August 25, 2008

Slow Encillada

One of the goals I presented in my Transformation post was eating better. I think I need to clarify some things here: Although The Omnivore’s Dilemma and Animal, Vegetable, Miracle inspired this objective, I am a long way from eating locally and cooking amazing meals every night.

One of my main problems is eating at all. I seldom eat breakfast, I could skip lunch, and I have often realized that it is five pm before I have eaten anything. So before I start to eat in a sustainable manner, I first need to get into a good eating routine.

However, this will not stop me from making observations on how much damage my food intake is doing to the planet, and how I could be working toward more responsible eating habits. Ultimately, I want to move away from quick easy processed food ingredients to more flavorful, nutritious, fun to cook, and healthy whole foods. I don’t feel I can jump to that stage until I start spending some time in the kitchen reconnecting with the act of cooking and eating in general, but that will not stop me from viewing how my easy meals could just as easily be transformed into slower foods. Let’s start with tonight’s meal- enchiladas. Sounds simple enough, but after I was done making dinner, I realized how much waste and unnecessary processed ingredients I had used in a simple meal like this.

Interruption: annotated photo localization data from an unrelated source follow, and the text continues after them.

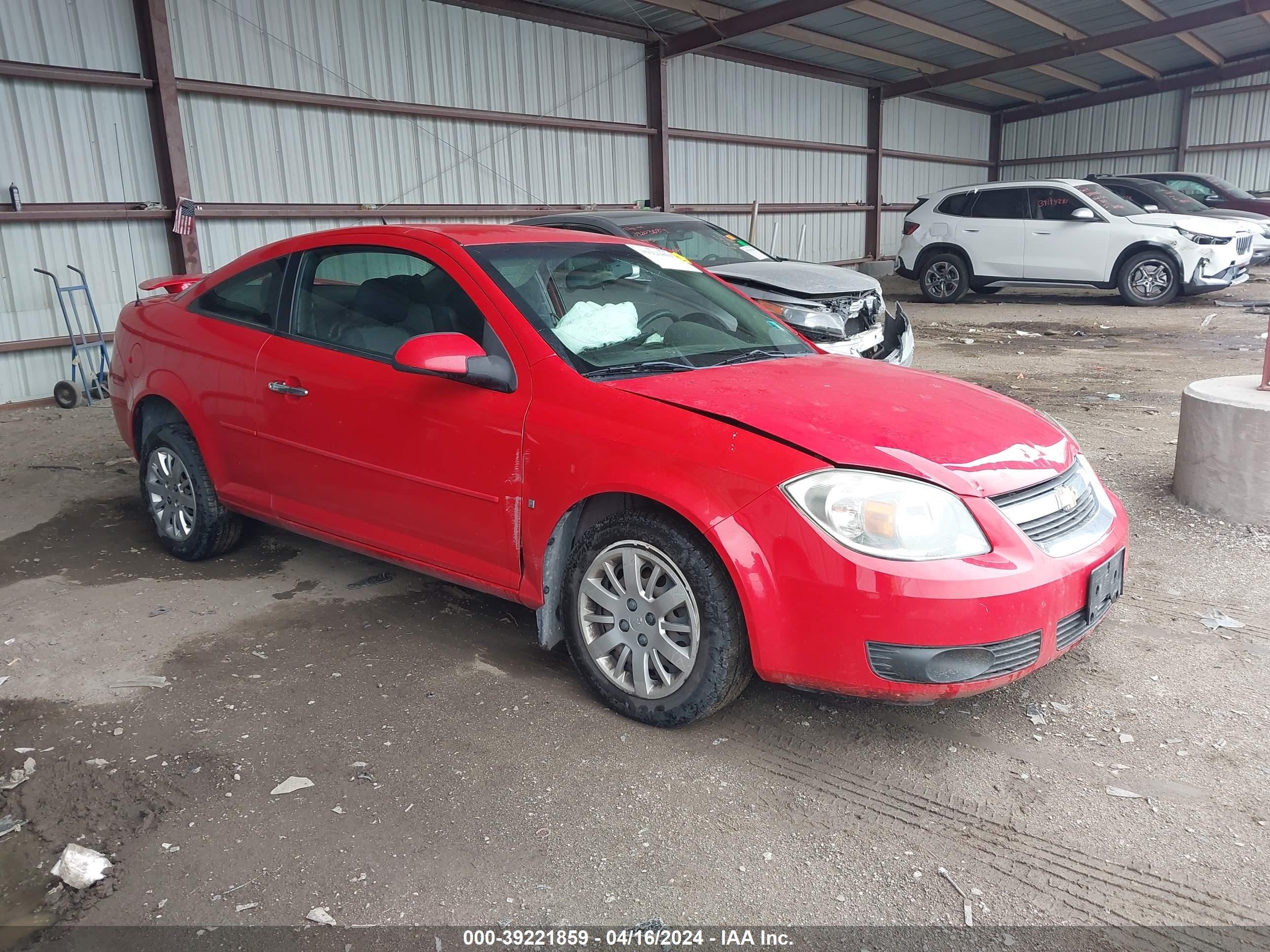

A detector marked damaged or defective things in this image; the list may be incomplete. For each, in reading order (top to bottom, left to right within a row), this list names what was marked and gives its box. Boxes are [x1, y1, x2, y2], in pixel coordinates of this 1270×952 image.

dented hood [609, 355, 1077, 495] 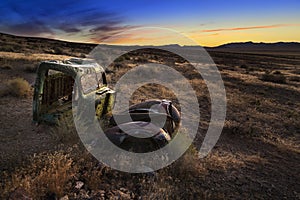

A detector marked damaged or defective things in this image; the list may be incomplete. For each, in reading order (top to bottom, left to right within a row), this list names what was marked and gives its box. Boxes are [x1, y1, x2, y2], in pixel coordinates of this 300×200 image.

rusted truck cab [32, 57, 115, 124]
abandoned truck [32, 57, 179, 152] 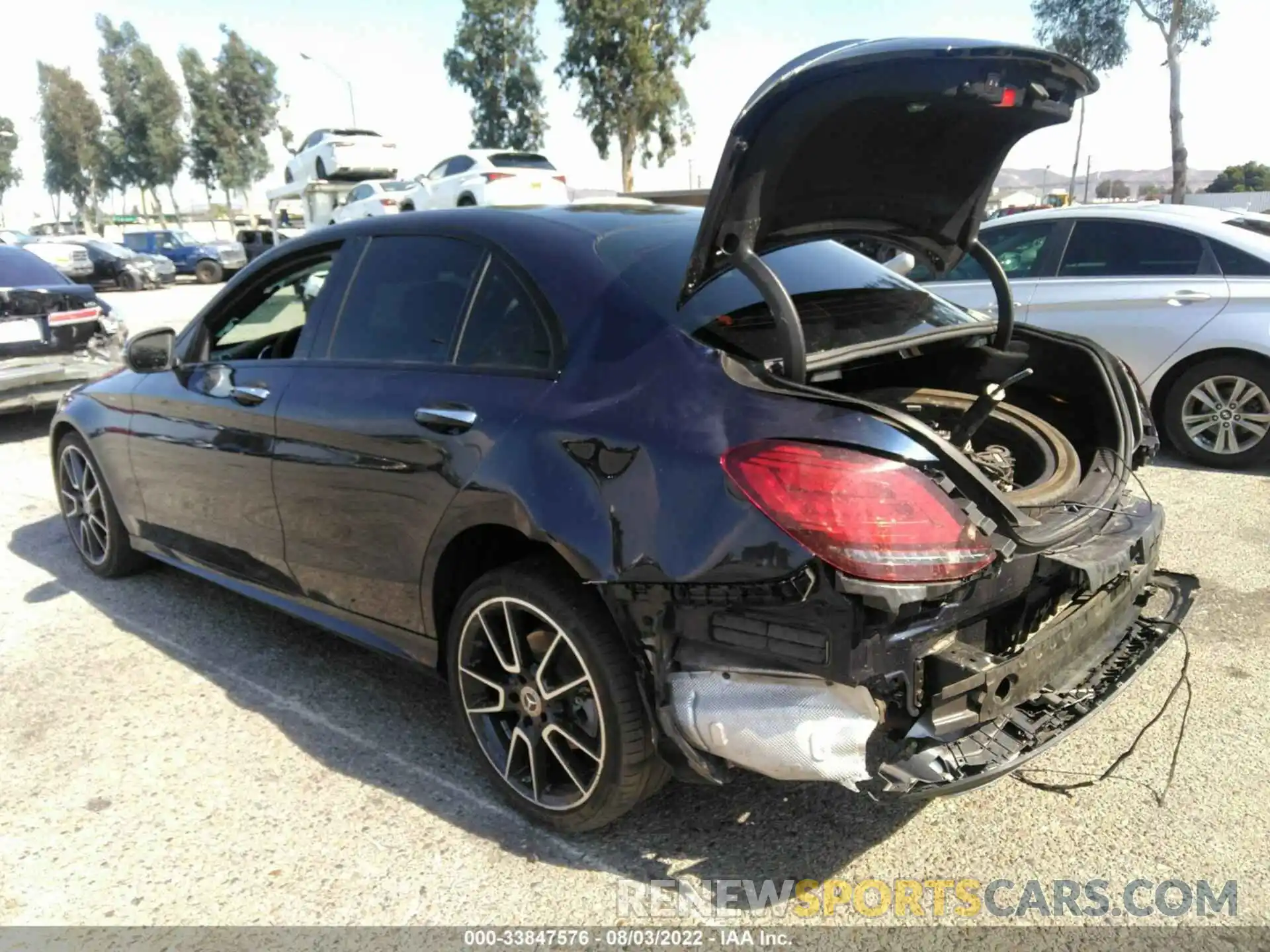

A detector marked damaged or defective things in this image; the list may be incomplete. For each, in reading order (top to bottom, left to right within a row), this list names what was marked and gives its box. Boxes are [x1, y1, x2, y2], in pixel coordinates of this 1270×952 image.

damaged car in background [2, 243, 125, 416]
damaged car in background [47, 37, 1189, 832]
damaged rear end of car [609, 37, 1193, 797]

Below is a picture of how much waste was generated from just one meal for my family of three.

One box, two cans, and two plastic bags. Sure it only took me about ten minutes and minimal effort to make this meal, but how could I have reduced the waste and increased the taste. In addition to the waste, I was dismayed by how much money I was giving to General Mills the food processing company that I learned to despise.

Let’s break the meal down. The rice was easy. There is no reason to buy processed rice. Cooking a batch of plain brown rice is easy enough, and the grains don’t come in a tiny plastic satchel, with another satchel of “cheesy” sauce and then the box. The freeze-dried “vegetables” in the rice could just have easily been oven roasted potatoes and zucchini.

The beans from Amy's organic, may be harder to make from scratch, but once one batch of beans are made they should last for several meals. Again a bag of beans bought from the store will save the tin can at least.


3 cups unbleached flour
2 tsp. baking powder
1 tsp. salt
4-6 Tbsp. vegetable shortening or lard
about 1 1/4 cups warm water

Mix dry ingredients in a large bowl.

Add vegetable shortening or lard. Or use a combination of half lard, half shortening.
Use a fork or a pastry cutter to cut in the shortening or just do it the old fashioned
way and use your hands.

Next add warm water a little at a time until your dough is soft and not sticky. You do
not need very hot water.

Knead the dough for a few minutes.

Now you will pull off pieces of dough to form about 12 small dough balls. Let them
rest for at least 10 minutes, longer if you like.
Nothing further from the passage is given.